Sem dúvida, o sofrimento sem
lamentações pode ser uma expiação, mas é um sinal de que foi escolhido
voluntariamente e não imposto. É uma prova de uma firme decisão, o que é um
indício de progresso.
10. Os Espíritos só podem alcançar a perfeita felicidade quando são
puros: qualquer impureza lhes impede a entrada nos mundos felizes. É como se
fossem os passageiros de um navio atingido pela peste, aos quais a entrada numa
cidade é interditada até que eles estejam descontaminados, purificados.

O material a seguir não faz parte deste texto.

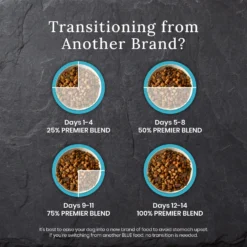 Blue Buffalo Blue Wilderness Premier Blend With Meaty Cuts Chicken Senior Dry Dog Food -ROYAL CANIN Shop 761758 PT5. AC SS1800 V1680628961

Nas
suas diversas existências corporais é que os Espíritos se livram, pouco a
pouco, de suas imperfeições. As provas da vida fazem avançar quando são bem suportadas.
Como expiações, elas apagam as faltas e purificam.
São os remédios que limpam a chaga e
curam o doente; e quanto maior o mal, mais o remédio deve ser eficiente.
Aquele, pois, que sofre muito deve dizer que tinha muito a expiar e se alegrar
de ser curado logo. Depende dele, de sua resignação, tornar esse sofrimento proveitoso
e não perder o seu fruto pelas lamentações. Caso contrário, terá de recomeçar.
O Evangelho Segundo O Espiritismo – Capítulo V – Itens 6 a 10.